Macri has not been the ideal champion of free markets. However, the Argentine president intended to go, albeit lightly and gradually, towards greater trade integration with the world. Argentina’s economic agents are not the only challenge of Alberto. The first signing of his possible government, with CFK as vice-president, mark the continuity or disappearance of the regional bloc.

Chavismo’ warnings

Venezuela also has a warning for Alberto but in the opposite direction to that of Bolsonaro’s minister.

Diosdado Cabello was optimistic about the defeat of the Macrismo last weekend, but he decided to “mark the territory” for the candidate for president of the Frente de Todos. The Chavista leader told Alberto Fernandez, openly, that victory at the polls is not his own, but Kirchner’s triumph:

“I am very happy for the effort and courage of the Argentine people. I hope, dear God, that I am not mistaken, that those who have been elected will not believe that they are responsible for their victory,” he said.

Meanwhile in Argentina…

At the epicenter of the crisis, which already has international relevance, everything changes from one moment to the next. The two news items of the day were related to the bipolar attitude of a desperate government.

Yesterday, Macri assured that he would “freeze” the price of fuel until the elections. The problem was that the companies refused, especially considering the total exchange volatility. Faced with the refusal, Macrismo reached for a law of the old Peronism to do it by force: the Law of Supply.

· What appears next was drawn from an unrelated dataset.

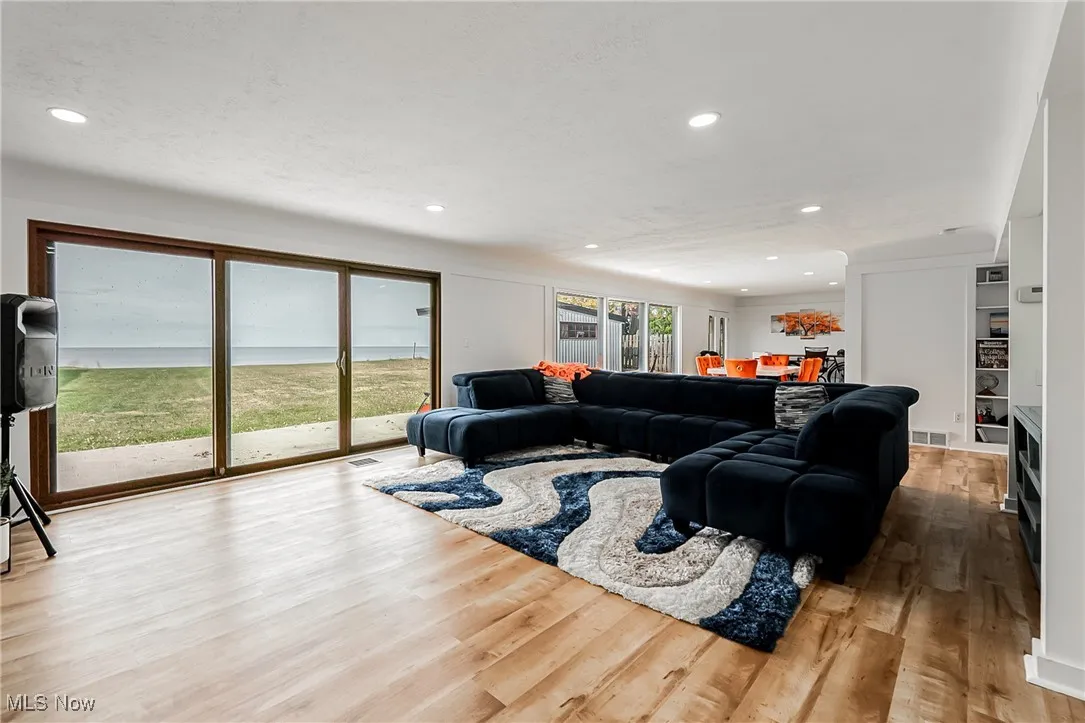 32321 Lake Shore Boulevard, Willowick, Ohio 44095,MLS Now Listing ID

This tool, a violation of private property rights, dated from 1974 and was the whip that Kirchnerism used, not to strike, but to threaten. The current management did not repeal it, and now the ruling party is using it in a pathetic manner that does nothing but demonstrates the desperation of the victim. Not even Cristina went that far.

Towards the end of the day, the media broke another piece of news. The government confirmed that it would eliminate (until the end of the year) VAT from a large number of items in the basic basket. The reduction of taxes was a constant demand for several sectors, which the government never listened to because it considered it impossible given the delicate fiscal situation. It seems that electoral necessity made it possible.

Meanwhile, economist Roberto Lavagna, who ranked third in the elections with 8% of the vote, suspended his election campaign and asked all his competitors to follow his example, at least until the economic crisis calms and governance is guaranteed.